- [What you need to do] Take the entries that follow and return exactly the lines from the one holding "일산동 탐정 사무소 비용" through the one holding "Indoor Holiday Atmosphere", both included. Nothing else is needed.

:: Provided entries ::

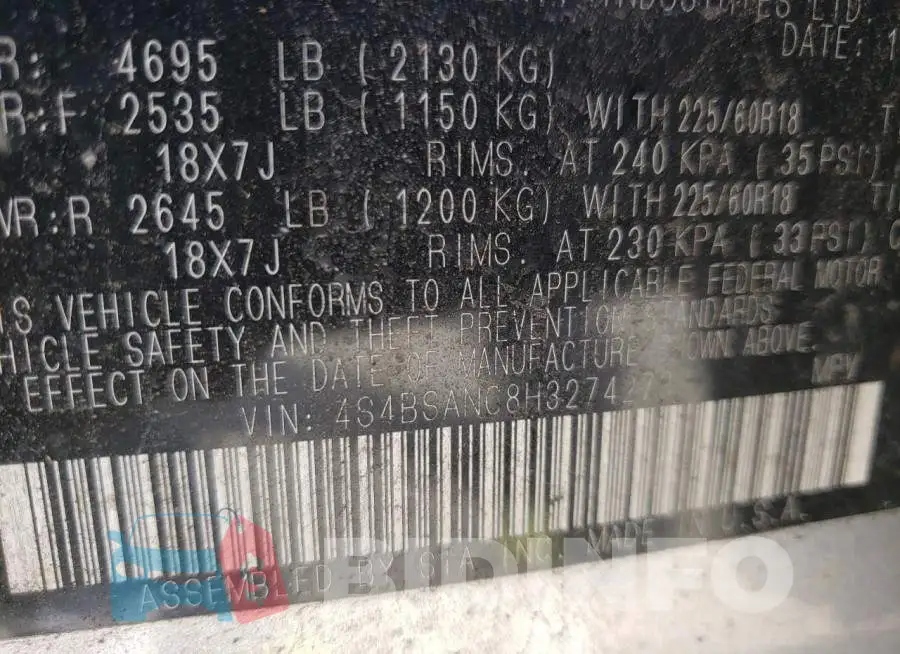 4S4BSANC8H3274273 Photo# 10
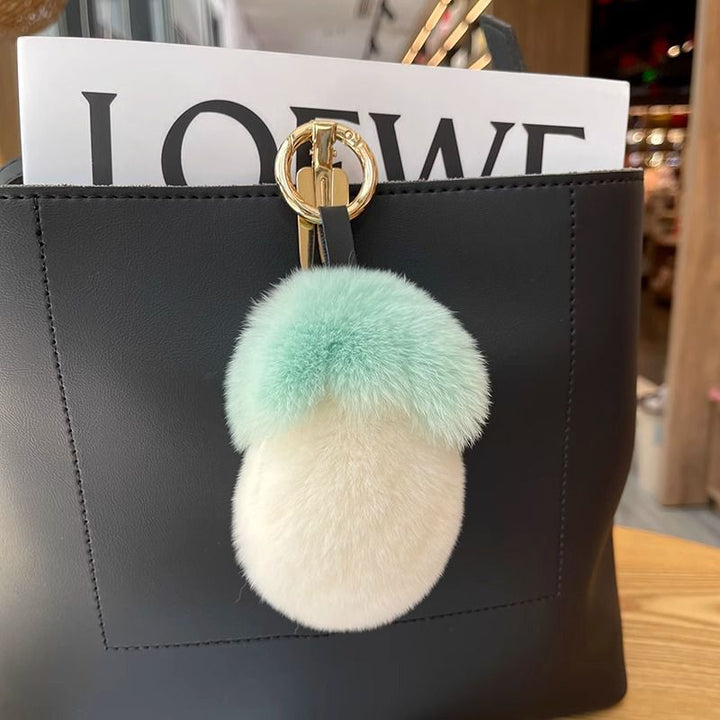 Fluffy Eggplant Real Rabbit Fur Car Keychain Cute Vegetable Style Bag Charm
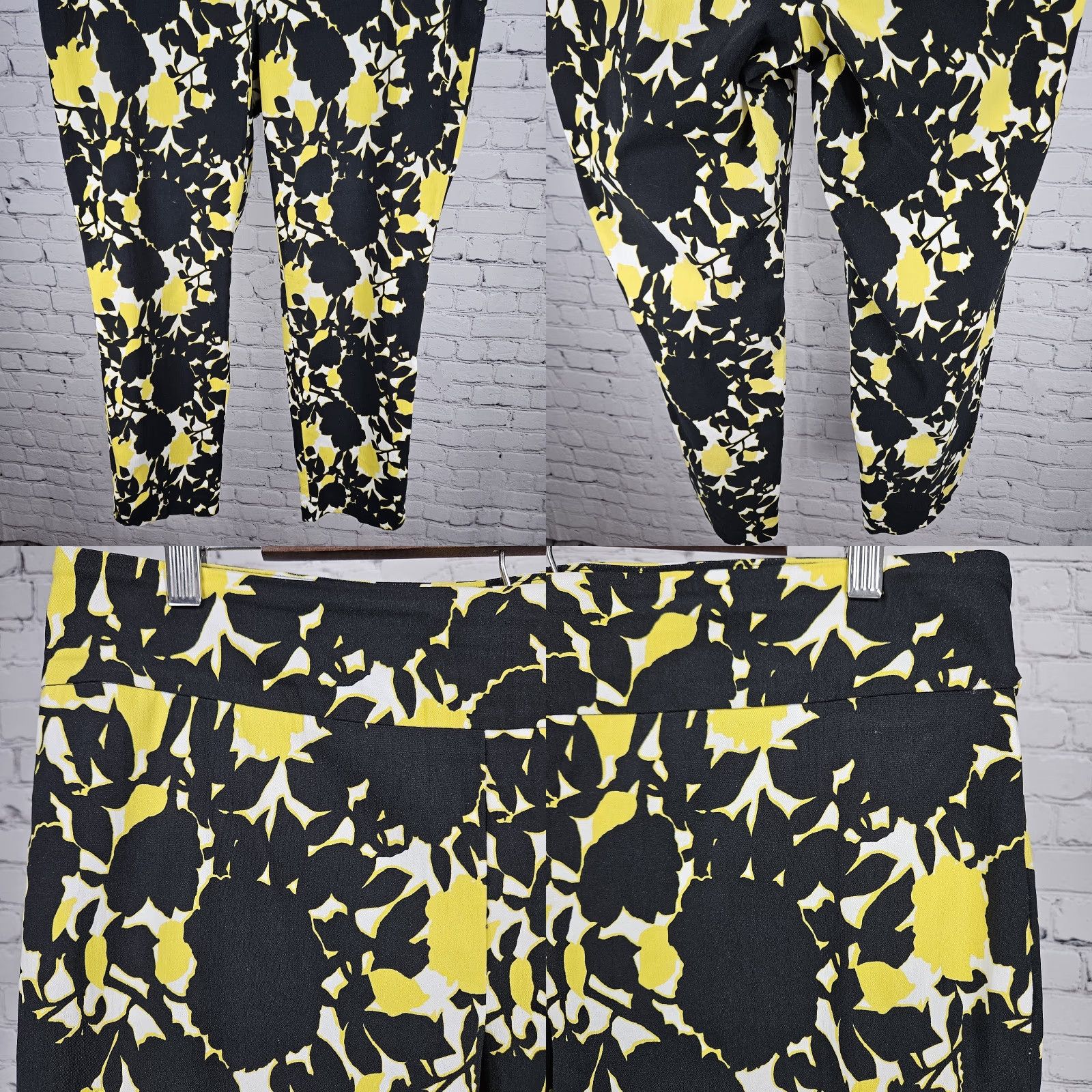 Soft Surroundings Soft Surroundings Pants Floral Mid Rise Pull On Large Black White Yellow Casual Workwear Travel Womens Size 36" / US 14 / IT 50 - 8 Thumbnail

:::
:: Provided entries ::

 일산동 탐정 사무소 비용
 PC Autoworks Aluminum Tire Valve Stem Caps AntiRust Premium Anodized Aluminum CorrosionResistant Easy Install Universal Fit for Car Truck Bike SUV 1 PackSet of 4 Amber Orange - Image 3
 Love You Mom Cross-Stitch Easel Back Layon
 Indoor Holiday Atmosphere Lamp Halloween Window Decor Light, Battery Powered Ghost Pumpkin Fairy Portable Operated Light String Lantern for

:::

- [The completed task]
 일산동 탐정 사무소 비용
 PC Autoworks Aluminum Tire Valve Stem Caps AntiRust Premium Anodized Aluminum CorrosionResistant Easy Install Universal Fit for Car Truck Bike SUV 1 PackSet of 4 Amber Orange - Image 3
 Love You Mom Cross-Stitch Easel Back Layon
 Indoor Holiday Atmosphere Lamp Halloween Window Decor Light, Battery Powered Ghost Pumpkin Fairy Portable Operated Light String Lantern for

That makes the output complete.